▶ [YOUR ASSIGNMENT]:
A picture should never appear in your copy. Transcribe the listing exactly from its first line through the line with "A parabola can", both ends included.

= = = =

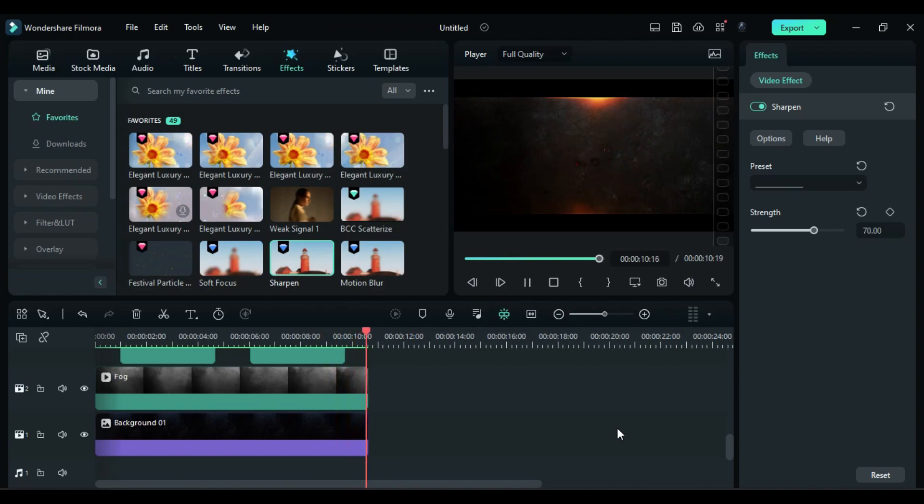That's it guys, this is how you can create dynamic cinematic title in Filmora using these clips. Also, you can use these clips to create your logo intro for your YouTube channel.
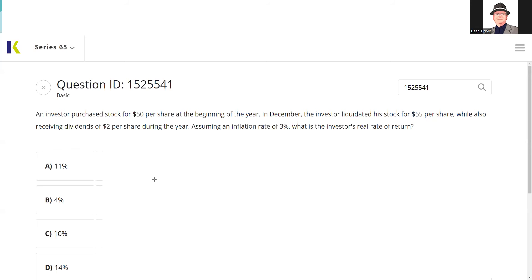The 65 and 66 NASAA exams in general are reading tests, and you've got to read carefully. This says 'realized.' If it said 'unrealized,' that could be different. Here it's realized because we sold the stock, while also receiving $2 in income from the dividend. So there's the $5 we made in price appreciation, plus another $2 in income. Our total return from this investment is $7.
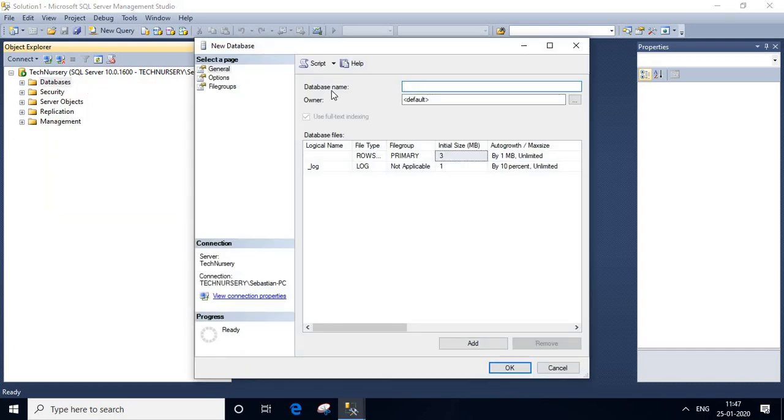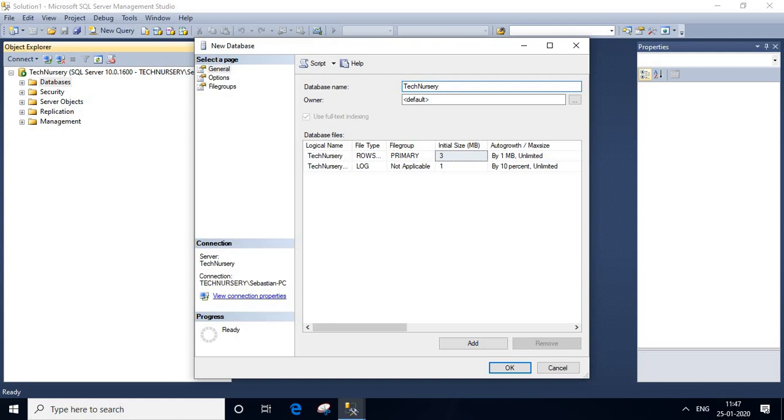This is database name column. We will write our database name here. tech-necessary-db. This is the name of the database we are going to create.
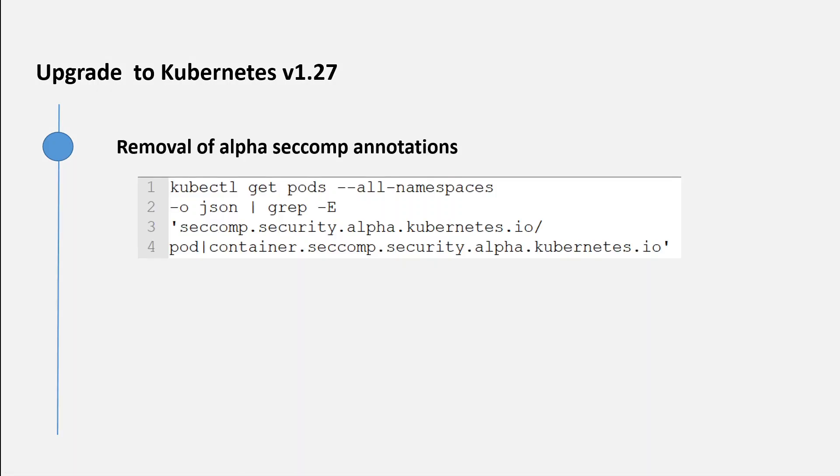The second thing to keep in perspective before you upgrade to this new version is that these annotations like seccomp.security.alpha and container.seccomp.security.alpha have been removed.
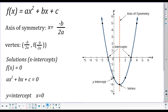A parabola can have up to two x-intercepts. Sometimes it has zero x-intercepts, sometimes only one, and sometimes two. It can never have more than two x-intercepts — that's due to the nature of the shape. It goes down and then comes up, and since it only changes direction once, it can only cross the x-axis a maximum of two times. We want to be able to tell if a parabola has an x-intercept, and if it does, how to find those.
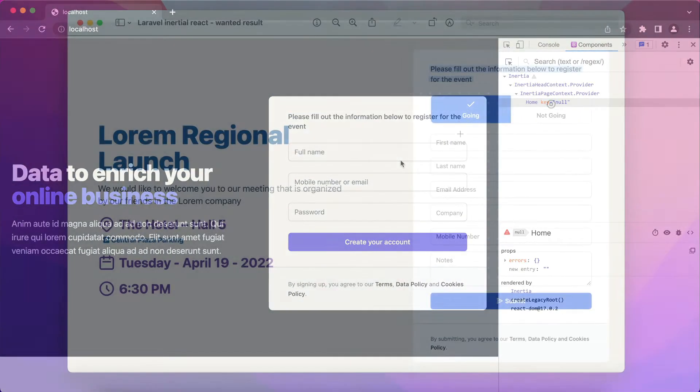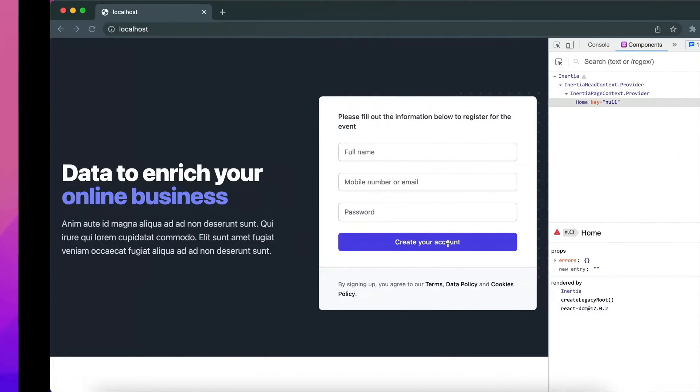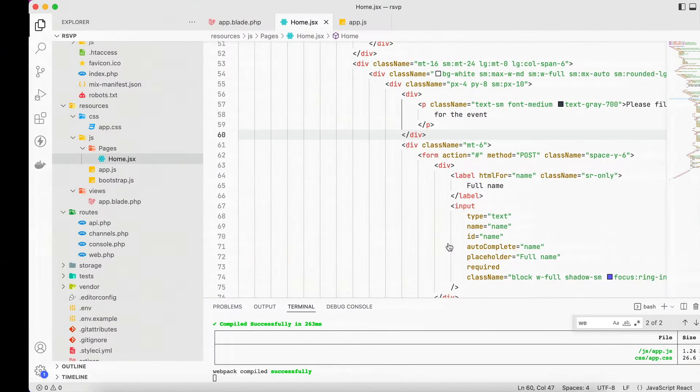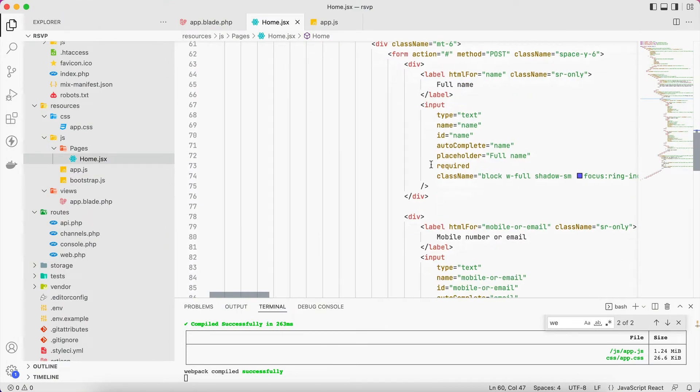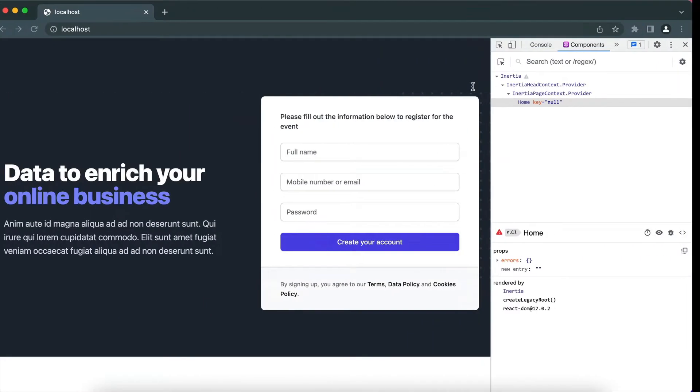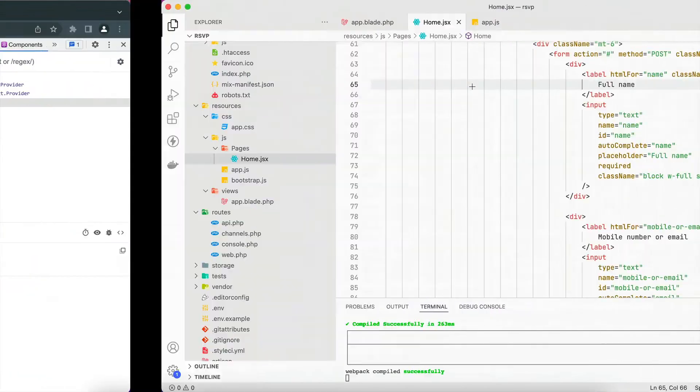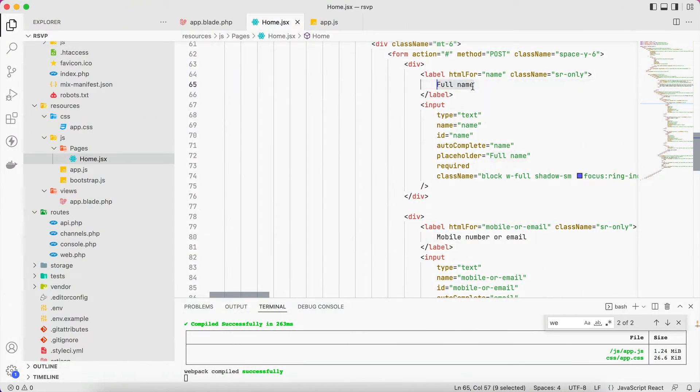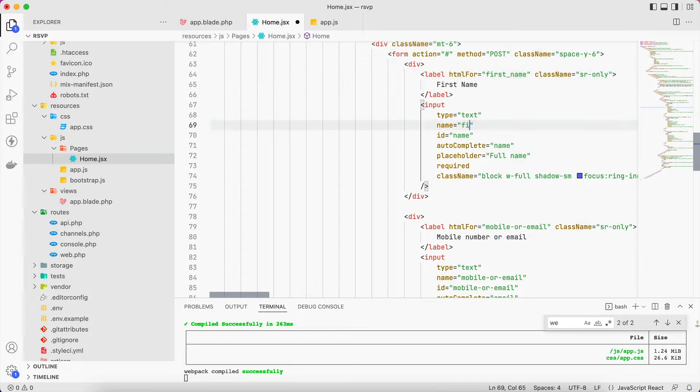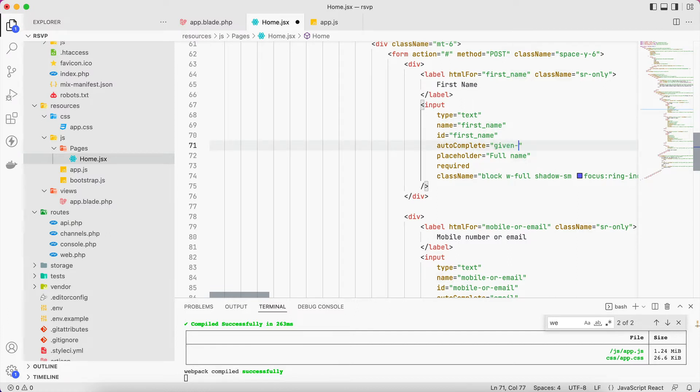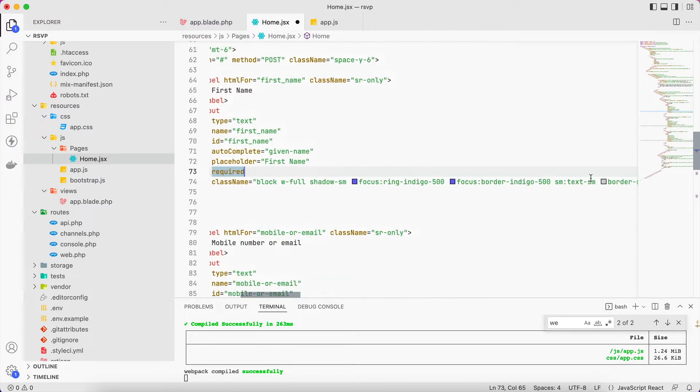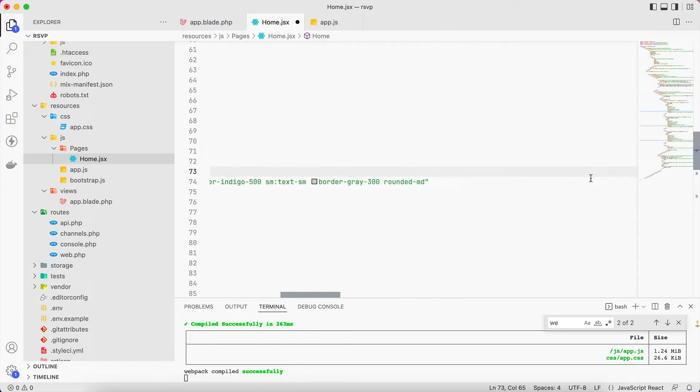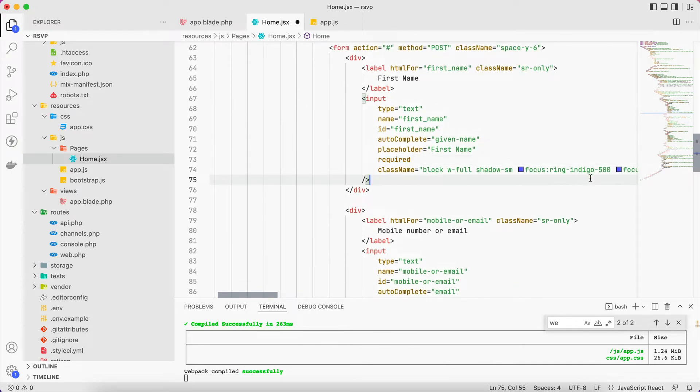Let's add some fields to the form. So we have the full name here, we have I think first name, last name. So this one will be first name. The autocomplete it will be given name, placeholder will be first name, it will be required. And yeah that's it, I will duplicate this one.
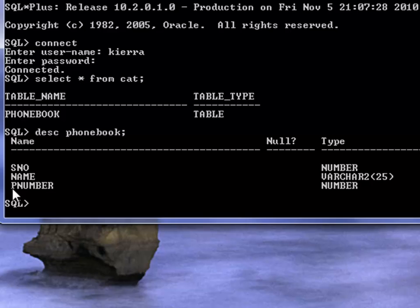Third column name is p number which means phone number, and the data type for this column is number.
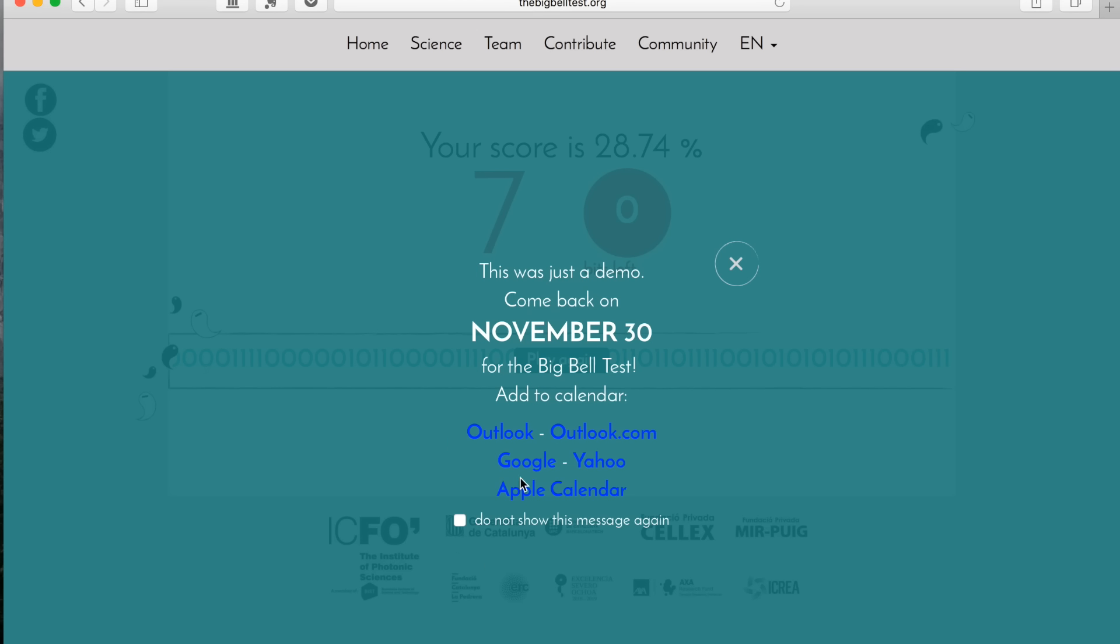This is a warning sign because it still isn't November 30th. This warning sign will disappear. And the idea with all these links down here—the Outlook, Outlook.com, Google, Yahoo, and Apple calendar—is that you can add this event, this November 30th Big Bell test day, to your calendar whichever platform you're using.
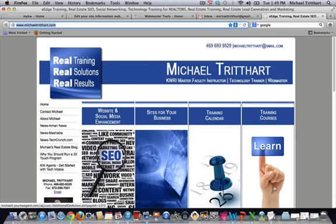Hello everyone, this is Michael Tritthart, Keller Williams Master Faculty and Instructor. I'm going to talk with you today in this brief video about getting Google Webmaster set up for your e-agency site.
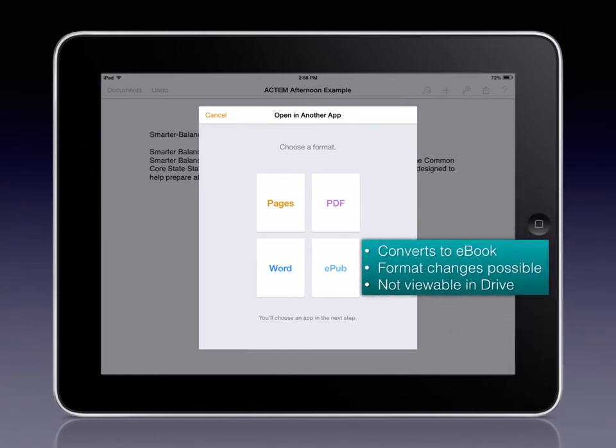Converting it to EPUB turns your document into an eBook. Formatting changes may take place so it may not look the same as when you saw it in the Pages app. And the finished product will not be viewable in Drive.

= = = =

▶ [TASK RESPONSE]:
That's it guys, this is how you can create dynamic cinematic title in Filmora using these clips. Also, you can use these clips to create your logo intro for your YouTube channel.
The 65 and 66 NASAA exams in general are reading tests, and you've got to read carefully. This says 'realized.' If it said 'unrealized,' that could be different. Here it's realized because we sold the stock, while also receiving $2 in income from the dividend. So there's the $5 we made in price appreciation, plus another $2 in income. Our total return from this investment is $7.
This is database name column. We will write our database name here. tech-necessary-db. This is the name of the database we are going to create.
The second thing to keep in perspective before you upgrade to this new version is that these annotations like seccomp.security.alpha and container.seccomp.security.alpha have been removed.
A parabola can have up to two x-intercepts. Sometimes it has zero x-intercepts, sometimes only one, and sometimes two. It can never have more than two x-intercepts — that's due to the nature of the shape. It goes down and then comes up, and since it only changes direction once, it can only cross the x-axis a maximum of two times. We want to be able to tell if a parabola has an x-intercept, and if it does, how to find those.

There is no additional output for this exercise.